How To Launch A Jail Diversion Program In YOUR community

“Begin by finding a champion,” Cynthia Kemp told the 300 community leaders, who were invited by Louisiana Senator Bill Cassidy (R.) to a Louisiana Mental Health Summit in Baton Rogue. (A short news clip where both Sen. Cassidy and I are interviewed can be watched here.)

Kemp said it could be a judge, sheriff, police chief, state legislator, mayor – anyone who understands that locking up people who are sick is a waste of tax dollars and human potential.

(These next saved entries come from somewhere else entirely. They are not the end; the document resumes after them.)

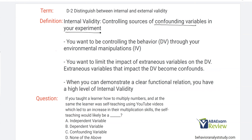In the environment, you're going to have what's called extraneous variables, and all those extraneous variables are a risk for affecting your experiment. Once they actually affect your experiment without your control, they become confounds, and we want to limit that. Internal validity means you're controlling the DV — the behavior — through your environmental manipulations. Remember, we don't actually control the behavior; we control the environment, and through our environmental manipulations, the behavior changes.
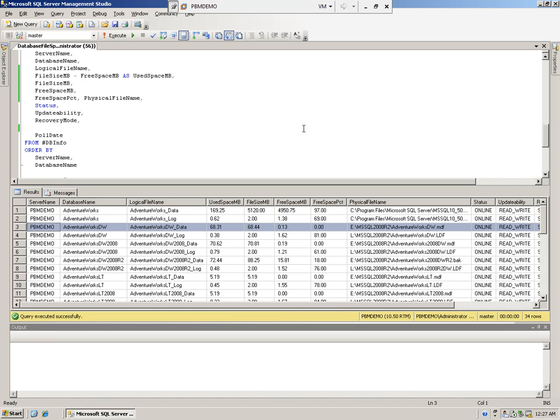Hello everyone, this is John Sterrett coming to you from Wheeling, West Virginia. Today's tip is covering how you can use Central Management Server as a tool to help you be a proactive database administrator.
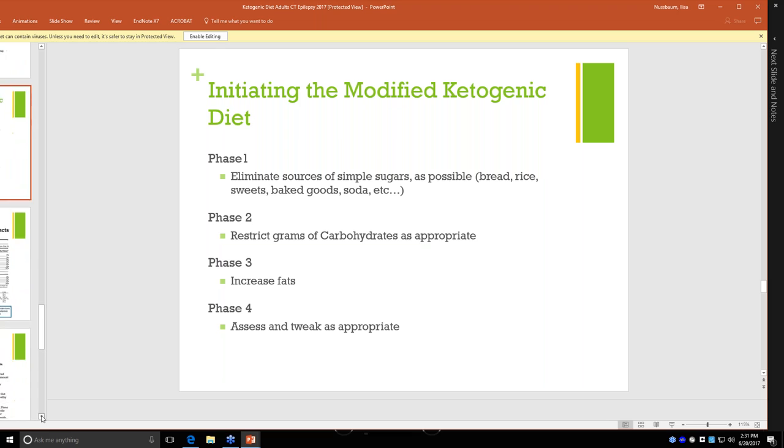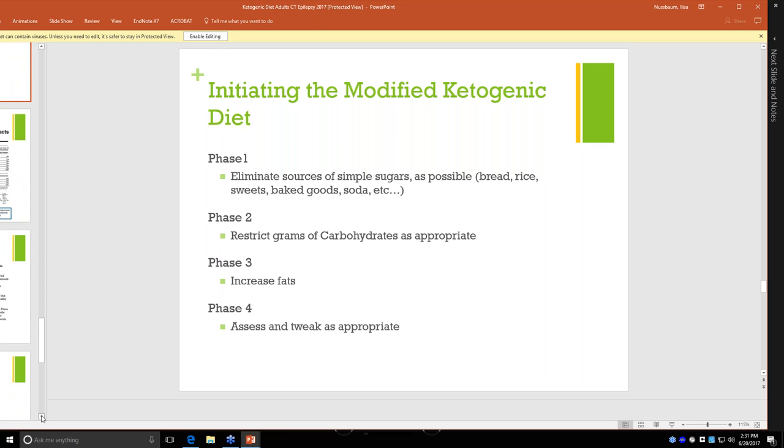Phase four, we assess and tweak as appropriate. We might find that we are at a place where we can liberalize the diet more than we were. We might have great seizure control, but the patient is losing too much weight. So we liberalize the diet a little bit. Or on the other end of the spectrum, we might have good but not great seizure control. So we might tighten up the diet a little bit. It really is variable and tailored to the specific patient. And by phase four, I've taken a look at some of their lab values, and that gives me a lot of information on what direction I want them to go on the diet.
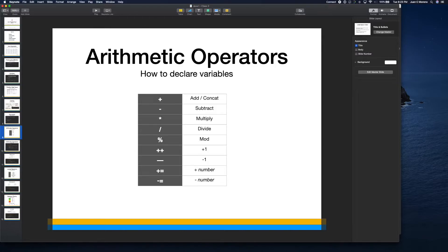Then there's plus-plus, which we briefly mentioned - it means plus one. So if you have a variable x and do x++, it increments the value by one. If x was 10, by the end of that line x will be 11. Same thing with minus-minus - it just means minus one, so x-- would bring x back to 10.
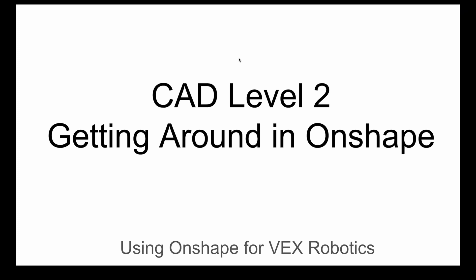Coach Pilarti here, CAD Level 2, Onshape for VEX Robotics.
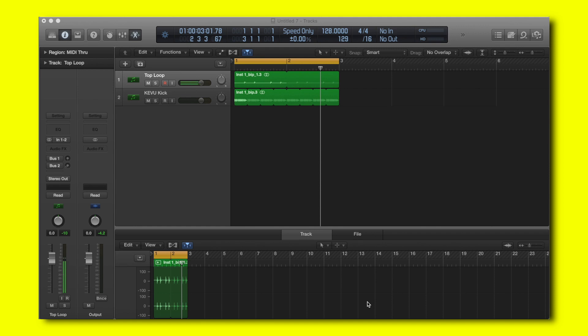Hey guys, this is Maximum7910. Today we're going to talk about how to group process your tracks in Logic Pro X.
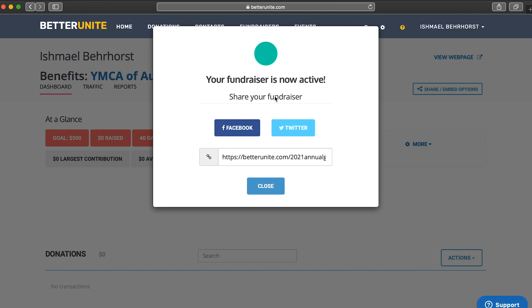Then you launch your fundraiser and your fundraiser is now active. You can now use this link by copy and pasting it to your social media pages, sharing with friends, and receiving donations.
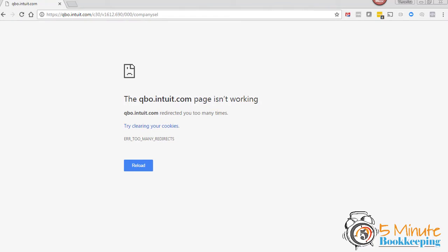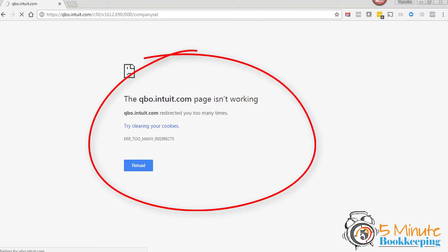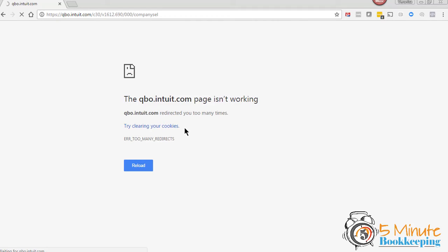So let's go to the tutorial. I'm sure this isn't the very first time that you've seen this message: 'QBO page isn't working. Try clearing your cookies.' Well, if you try clearing all of your cookies, you're going to lose all of those valuable shortcuts that you've already set up for all of your other web pages.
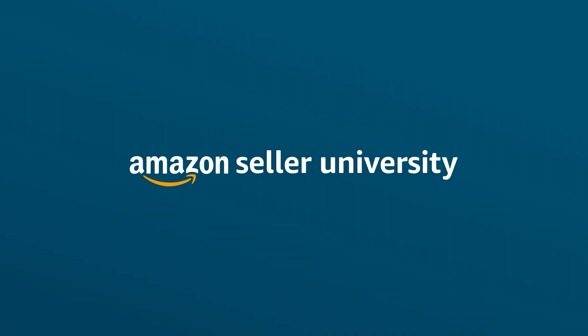This concludes our video on managing your FBA inventory. Thank you, and happy selling in the Amazon store!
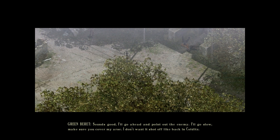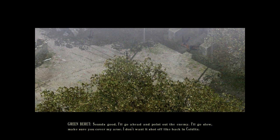Make sure you cover my arse, as I don't want it shot off like back in Colditz. You do go on about that. It's an accident for God's sake. Don't worry this time. Come on, get moving.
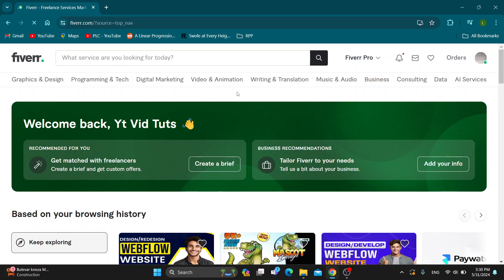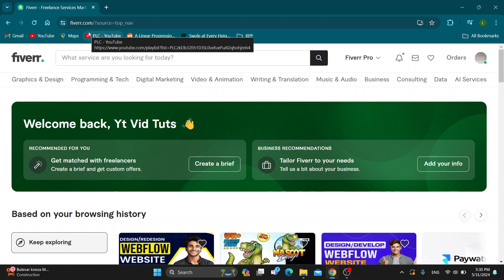Hey everybody, what's up and welcome back to today's video. Today I'm going to show you how to verify your ID on Fiverr.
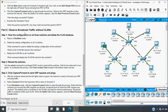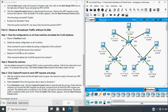Part 2: Observe broadcast traffic without VLANs. Step 1: Clear the configurations on all three switches and delete the VLAN database. Return to real-time mode. Delete the startup configuration on all three switches. The command used to delete the startup configuration is the 'erase' command. The VLAN file is stored in the flash memory.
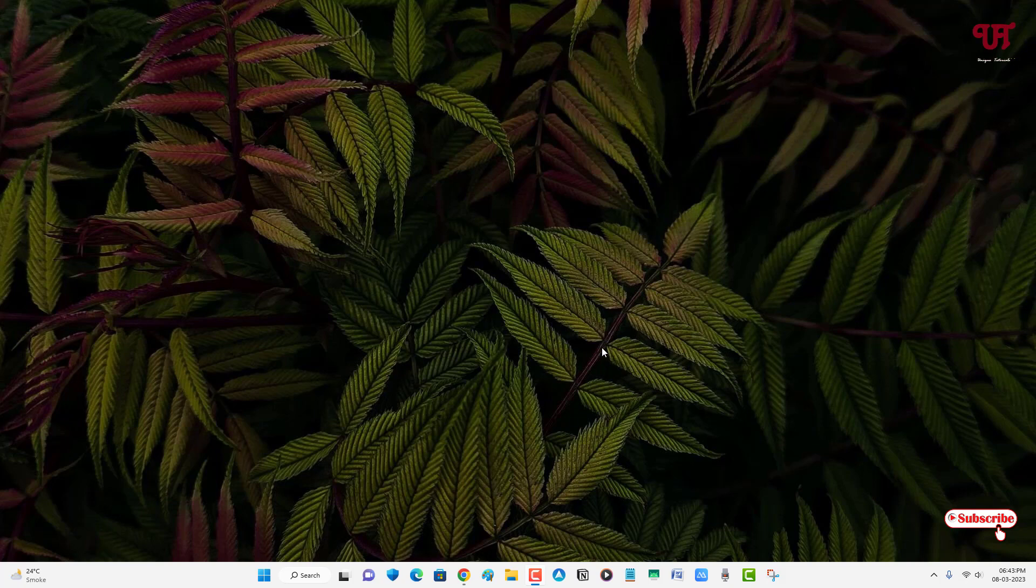Right now, I'm using Windows 11 operating system on my computer. If you're using a Mac operating system on your computer, the steps will remain the same.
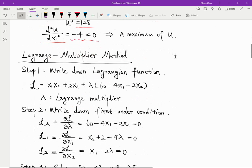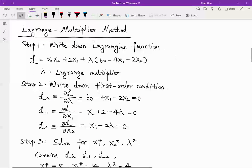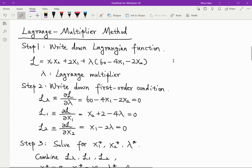This simple substitution method works when the problem is easy, but sometimes problems are much more complicated. For those cases, we need a more efficient way to find the solution — and that is the Lagrange multiplier method. The Lagrange multiplier method is designed to solve this kind of maximization problem with constraints, and it's the most popular approach.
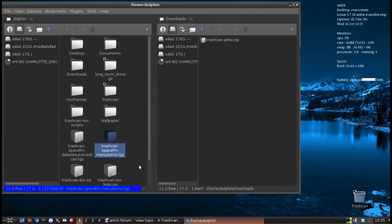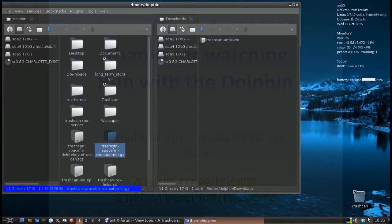I showed you how to put the trash can on the desktop, so we have now completed all of the options, tips, tricks, and how-to's. Check out antiX.mepis.org, throw up a post at antiX.freeforums.org. We'll be back again with another video soon. Thanks for watching — this is Dolphin Oracle signing off. Have a great day.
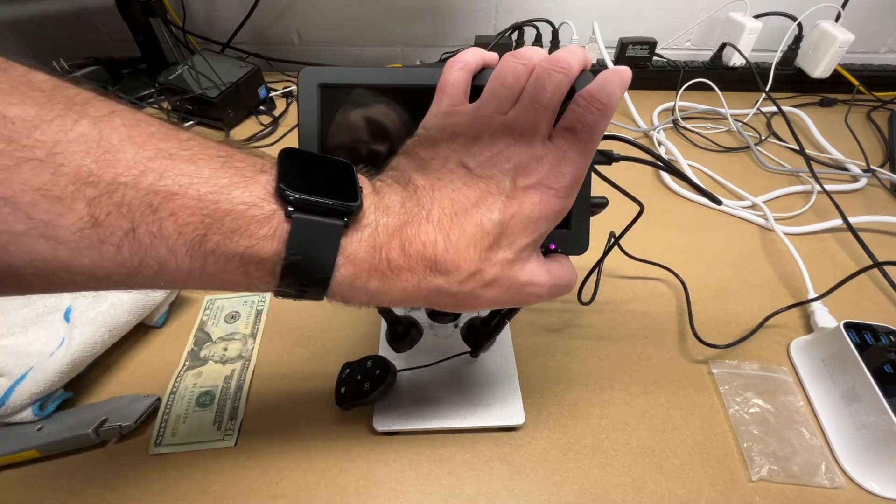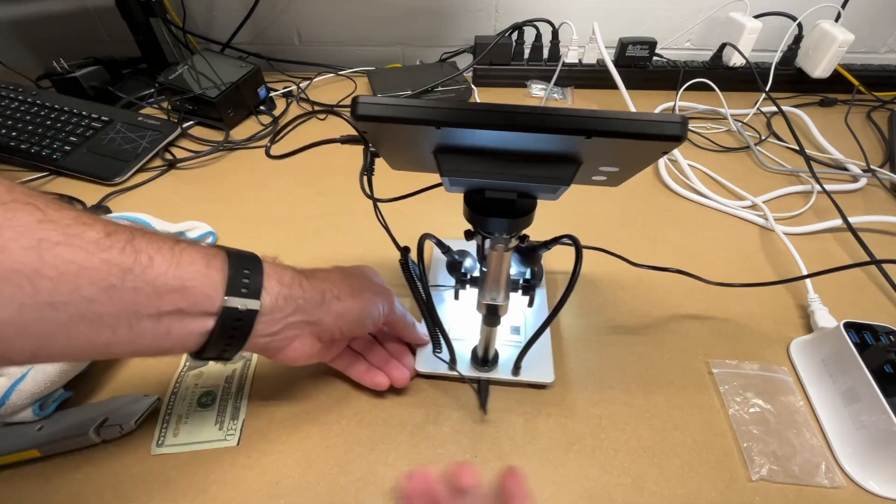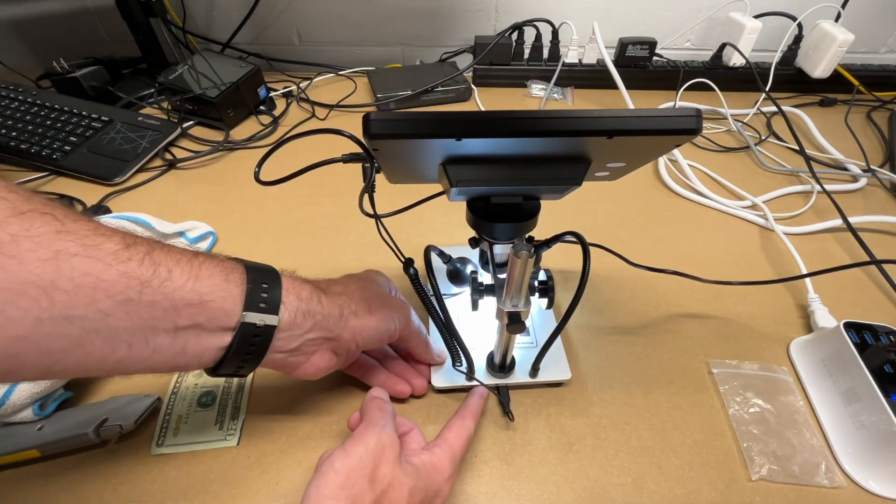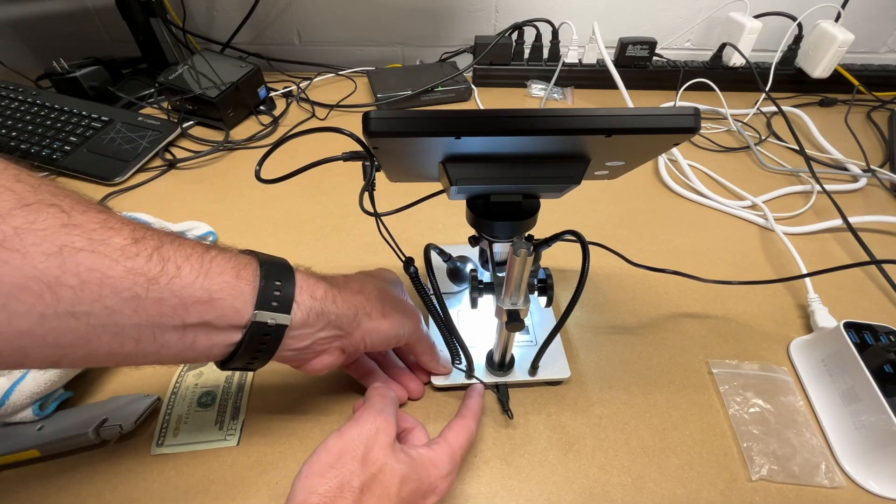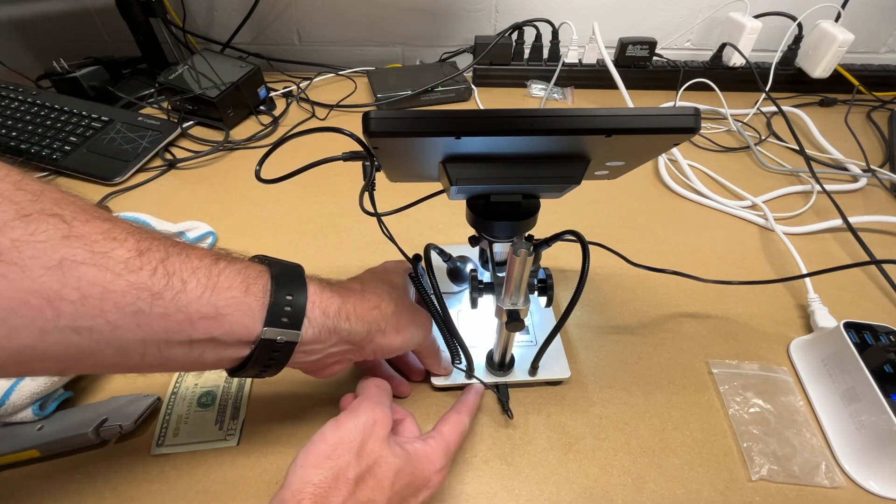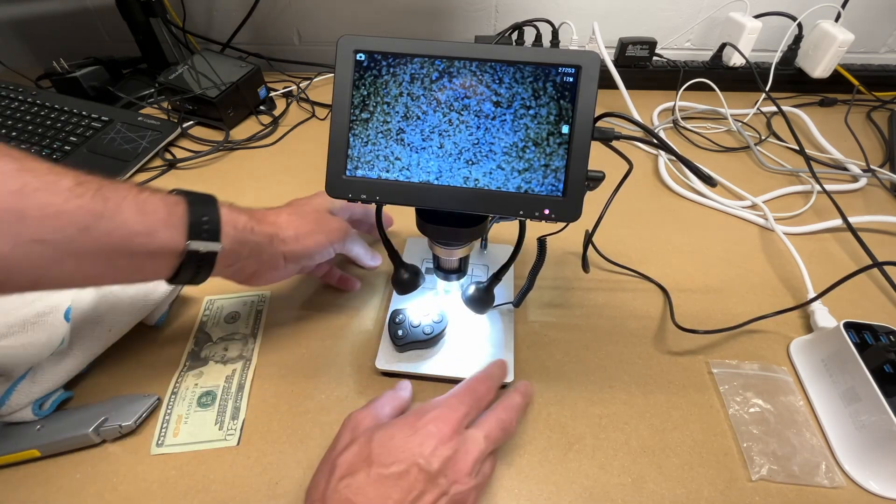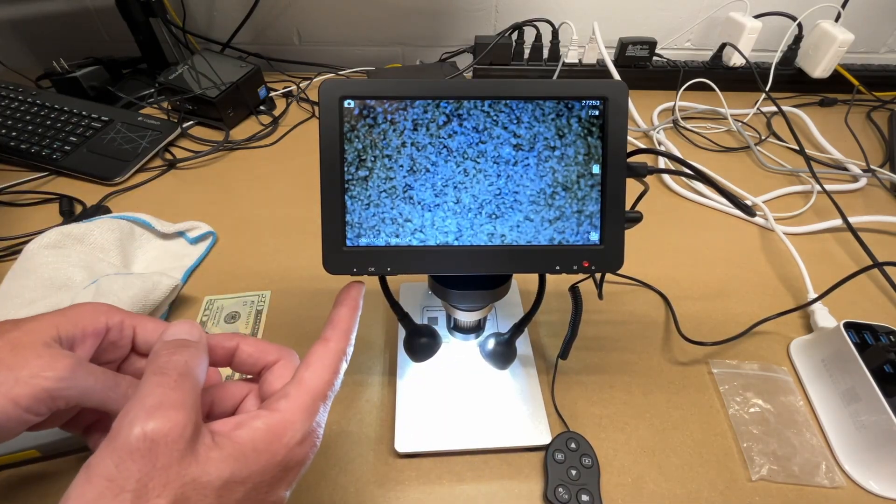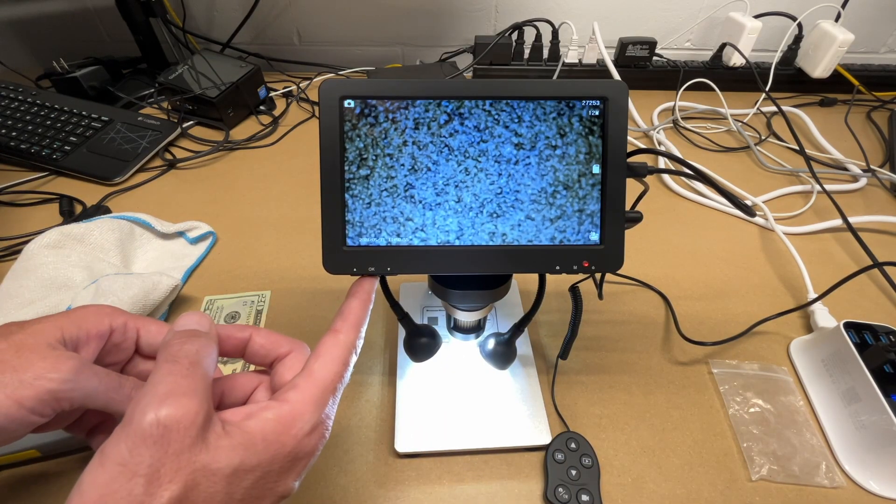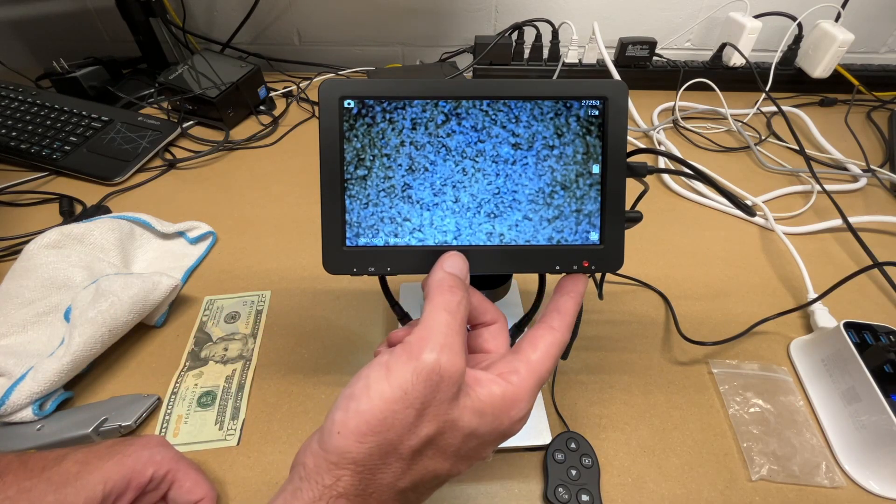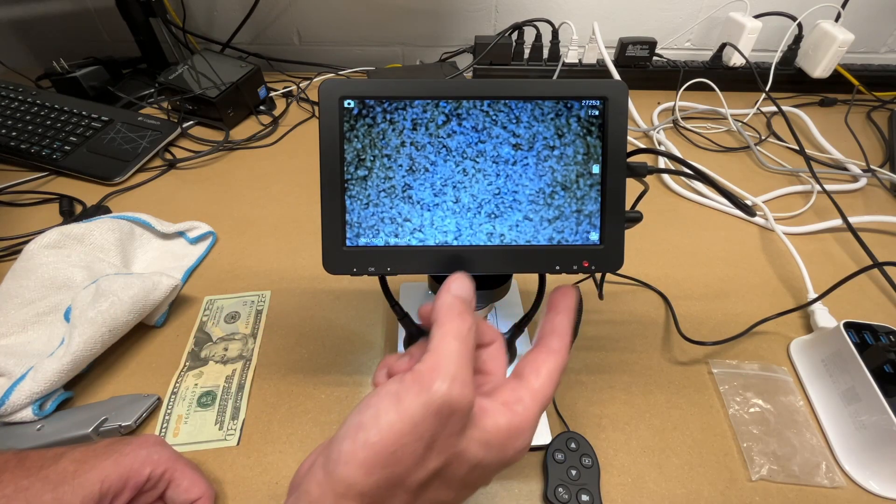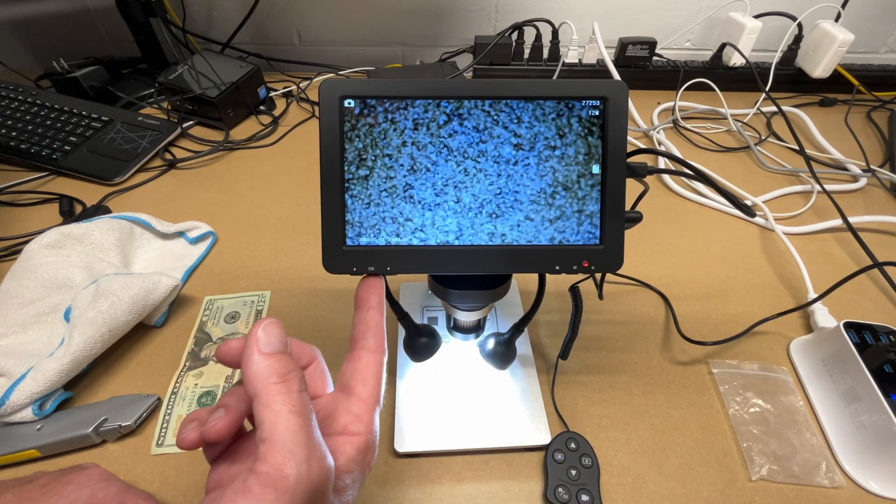To turn on, we'll hold down this power button. On the back here, we have a knob to turn the light up and down, the two side lights. So those are positionable lights. And then on the main screen, we have three buttons here. We have up, okay, and down. Then we have photo, menu, and power.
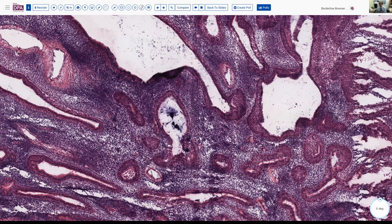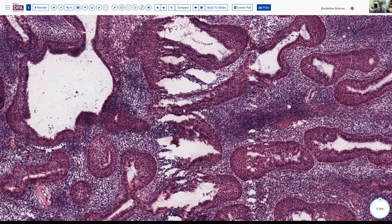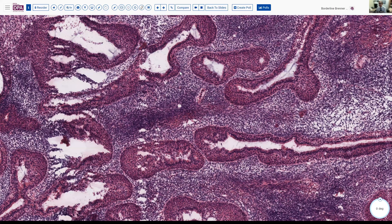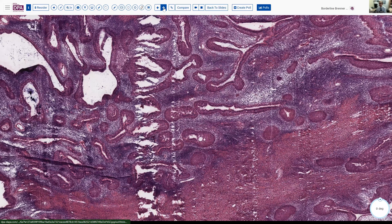This very cellular stroma was thought to possibly be neuropil or immature mesenchyme, and so a diagnosis was rendered of probable mature cystic teratoma, feeling that this might represent neuropil or some other immature mesenchyme. That is an interesting diagnosis, certainly something that would be possible in a woman of this age. But it doesn't quite capture exactly what I think we should be thinking of in this case.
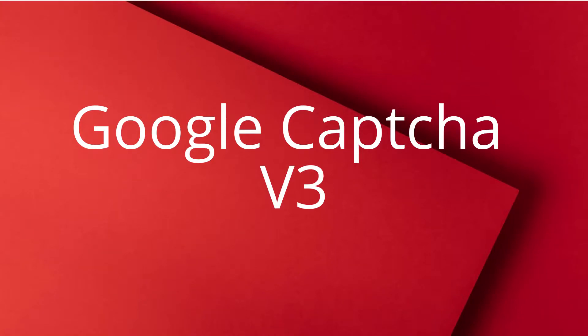Hello everybody, welcome. Today we're going to see how to add Google CAPTCHA version 3 to our ASP.NET core web application.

Step Two: Hit the streets. Talk to the police to learn what problems they face because of persons with mental illnesses becoming entrapped in the criminal justice system. The National Alliance on Mental Illness  reports that 40% of persons with a serious mental illness will have an encounter with the police. By some estimates, as high as 49% of all fatal police shootings involve someone with a mental illness. Advocates must also speak with public defenders, judges, prosecutors, local mental health providers, parents and persons with lived experience – and identify what barriers they have encountered preventing individuals from getting community mental health care.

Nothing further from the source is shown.